I am writing to inform you that at last night’s Northampton County’s Board of Supervisor’s meeting, Ralph Dodd, owner of Dodd Real Estate in Eastville and an active member of the farming community and organizations testified emotionally that ‘Northampton County Has a Target on Its Back’ and informed the BOS that large corporations are snapping up our farmfields to take advantage of wetland and carbon sequestering and other mitigation measures, allowing them to “sell” credits so, in the case of wetland banking, other existing wetlands and natural areas can be destroyed and paved over. As far as wetland “banking”, once a farmfield is “artificially” engineered to become a “surrogate” wetland (often by removing the fertile top soils that make the land productive for crops), the land can be marketed to a developer elsewhere that may need to build upon a well-established , centuries-old wetland somewhere on the Shore or Virginia Beach.
The going rate for those “new” and faux wetlands is $100,000/acre according to testimony last night by the Nature Conservancy.

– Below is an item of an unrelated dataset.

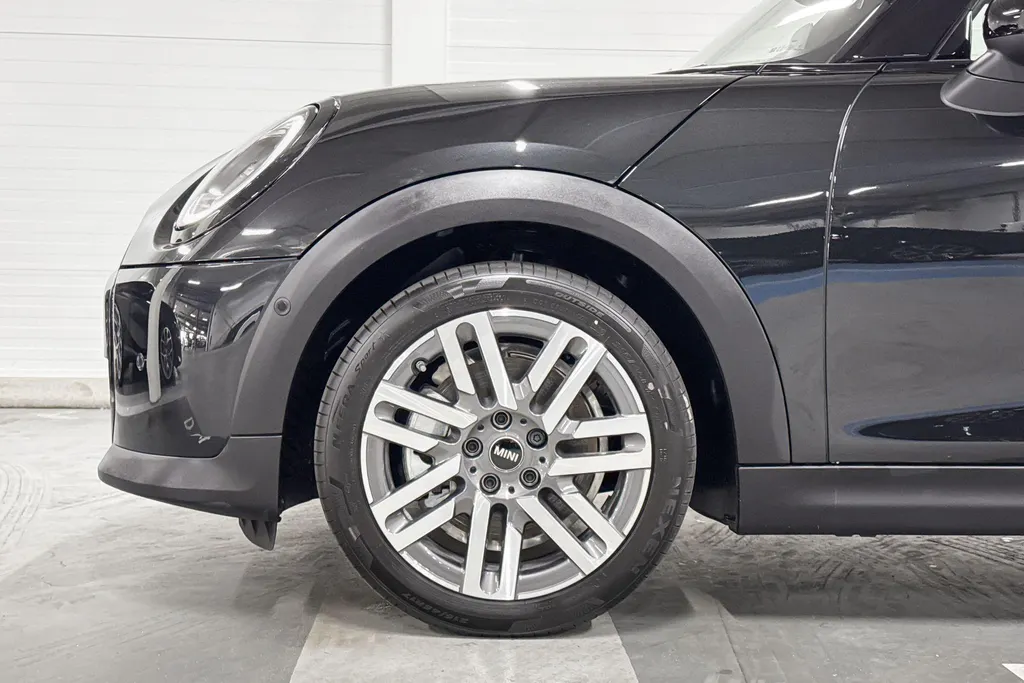 MINI Cooper Cabrio Cooper C Classic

The most visible project for those of you who want to see an “engineered wetland” under construction is just south of Exmore on Route 13 northbound. That project by The Nature Conservancy is on a 26 acre field that was planted for many decades with soy or corn or other crops. The top soil has been stripped off and the substrata is being regraded to change the topography so the drainage is changed to let the site hold more water. The “credits” from selling each acre as a surrogate replacement for the destruction of viable wetlands elsewhere will net the Nature Conservancy $1.8 million. It will never be a farmfield again. Note that agriculture is a major component of our local economy, Nor will the parcel ever be a homesite (we allow one house and an accessory dwelling on 20 acres of farmland- along with personal property and equipment that is taxable..but that cannot happen on a wetland). So we lose existing and potential tax revenue, while TNC, a not-for-profit global organization with $1.3 Billion in revenue last year reap large monetary rewards, while we lose our valuable farmland at the expense of a viable and diverse wetland that will be paved over and eliminated.
HOW CAN THIS BE HAPPENING?? The answer to that is simple. Our zoning ordinance allows it “by right”..with no notice to the public which is THE primary stakeholder in the preservation of our major economic driver..farming. Indeed, when you look under the use tables in this county’s zoning ordinance, “wetland” preservation, creation, and banking is NOT allowed under the heading of ‘agricultural district’.. But when you scroll down the tables and look under what uses are allowed under RECREATION, this use is allowed “by right” in nearly all zoning districts. Our argument here is that a diverse and ecologically unique wetland is not a Disneyland and is NOT a recreational mecca. There are no “frog ferris wheels” or “Salamander Water Slides”: a wetland is a fragile, valuable (on all natural levels), irreplaceable (in real time) , and well balanced ecosystem that takes centuries to develop and should not be viewed as a place for human intervention in regard to recreational activities.
Note here that hardly any of our people we work with on these issues including former Supervisors, Planning Commissioners, Activists, and former Planning Department officials knew that this use was allowed as a recreational activity in our zoning code. Simply, it lurked for decades under the zoning radar. Also note that this county is the last line of defense on mitigation projects like this before the bulldozers begin stripping the top soil from a prospective mitigation site, even though these construction plans are coordinated with the Army Core and DEQ, and cannot proceed unless the county planners issue a “land disturbance” and “soil and erosion” permit to the applicant. In this case, the project was administratively approved by our planning department in 2021, and the final permits were issued in September, 2022. Problem is, the BOS and the Planning Commissioners (or us) were never informed of this permit issuance, and the Planning Department has told me in an email that the department did not have notify anybody because it was a “by right” use in our zoning code. One final admission. By law, before this plan could proceed, the TNC was required to publish a notive in the registry and local newspapers, but they admitted last night that they had made a mistake and published the notice in the state and federal registers under ‘NORTHUMBERLAND COUNTY’ rather than Northampton County. So, in essence, it could easily be argued that this ongoing project…stripping the site as you read…is illegal because it was improperly noticed.
Details, details, details. Sometimes they just get in the way..esecially when there are millions of dollars to be made by an applicant.